阪神の原口文仁
(15日・プロ野球 阪神2―1DeNA)
折られたバットが粉々になって飛び散った。六回2死満塁。それでも阪神の代打・原口の打球は死んでいなかった。三塁手の頭上をふわりと越え、左翼線を転がる。本人も認める「きれいではないヒット」が、2点適時二塁打になり、チームの連敗を4で止めた。
ピンチを迎え、相手は左腕のエスコバーにスイッチ。控え捕手ながら、右の代打の比重が高い原口に出番が巡ってきた。1球目は144キロ直球を空振り。1球も無駄にしないのが代打の鉄則なら、「しっかり振れた。手が出せた」のはマイナスではなかった。打ったのは3球目。148キロの内角直球に力負けはしたが、振り切った結果だ。

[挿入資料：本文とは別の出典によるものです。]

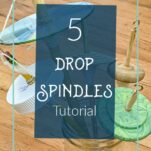 Vase of 5 different homemade drop spindles.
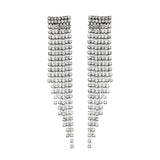 Xpoko Rhinestone Long Tassel Dangle Earrings Silver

一昨年、育成選手から支配下登録され、「打てる捕手」としてブレーク。だが、他球団に右肩の不安が知れ渡ると、昨季は金本監督の命で一塁手に転向した。期待されたほど打てず、昨秋に志願して捕手に戻った。首脳陣の構想に逆らう形になり、チャンスが少なくなるのは覚悟の上だった。実際、キャンプ時点での評価は高くなかった。
今季のチームは貧打に苦しむが、そこに原口の居場所が生まれる。捕手で先発も4試合。期待されるのはあくまで打撃で、4月30日の広島戦では七回途中に「救援捕手」の梅野と交代させられたこともあった。